As I reflect back on this conversation, one idea that stuck with me was the power of branding yourself something bigger than a job title.

At a BBQ at the weekend or at a conference, you’ll meet someone one new and hear something like this. Hi, my name is Damon and I’m a marketer, a designer, an architect, a doctor.

I understand why we do it. Labels help us make assumptions about people and they provide us with context when meeting someone.

But should it be our default way of learning about someone?

What Simon shared with me today is that his title might change from consultant, to author or to speaker. But when Simon calls himself an optimist, that’s something that won’t change. Because it’s not tied to his work, it’s tied to his why.

I read a story recently about why Simon uses the colour orange in his branding and wears a little bit of it on his person. He said, because when he sees orange, it’s a reminder to be the bright and optimistic version of himself. We all need reminders from time to time, even when we deeply know what our why is.

This made me reflect on the title that I’d be happy to call myself today that I hope will never change.

For me, that’s storyteller. It’s connected to my own why, which is my belief that we are all one conversation away from changing the rest of our life.

So I want to thank Simon for reminding me of that.

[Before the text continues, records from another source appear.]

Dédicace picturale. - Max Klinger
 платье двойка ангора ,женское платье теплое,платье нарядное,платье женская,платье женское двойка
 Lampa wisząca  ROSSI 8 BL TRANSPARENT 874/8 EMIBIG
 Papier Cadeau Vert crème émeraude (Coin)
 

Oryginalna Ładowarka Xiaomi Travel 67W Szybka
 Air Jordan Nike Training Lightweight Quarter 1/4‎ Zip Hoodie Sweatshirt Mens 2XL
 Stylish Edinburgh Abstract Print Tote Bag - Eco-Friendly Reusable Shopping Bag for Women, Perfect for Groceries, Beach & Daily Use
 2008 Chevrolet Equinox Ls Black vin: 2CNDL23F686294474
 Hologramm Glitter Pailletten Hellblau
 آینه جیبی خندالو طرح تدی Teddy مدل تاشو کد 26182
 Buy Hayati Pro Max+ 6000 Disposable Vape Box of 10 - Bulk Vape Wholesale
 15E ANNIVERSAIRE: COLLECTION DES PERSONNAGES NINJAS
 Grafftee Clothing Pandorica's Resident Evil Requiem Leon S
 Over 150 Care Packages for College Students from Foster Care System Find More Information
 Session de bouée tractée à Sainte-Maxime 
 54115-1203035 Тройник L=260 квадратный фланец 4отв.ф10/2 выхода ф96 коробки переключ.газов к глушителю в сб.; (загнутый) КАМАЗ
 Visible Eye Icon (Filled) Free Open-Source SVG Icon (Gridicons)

In each episode I try to leave you with a takeaway that will make your organization 10% better.

For this episode it’s going to be focused on a powerful prompt to use in your 1:1 conversations.

During your next 1:1 when you’re discussing your projects, your goals and your desired future state, ask yourself, to what end.

You want to become a team lead, to what end? Because you want to manage a team, or do you want more respect from your peers? Do you want to lead a team because you really want to coach and support others, or are you wanting greater financial resources to provide for others at home.

The question to what end is a powerful way to get underneath the decisions and the desires that we think we want, and helps us understand why we want to do that. In our day to day busyness, I understand there’s not always time for that. But I think your relationship with your work, your manager and yourself will be 10% better if you stop yourself and ask, to what end.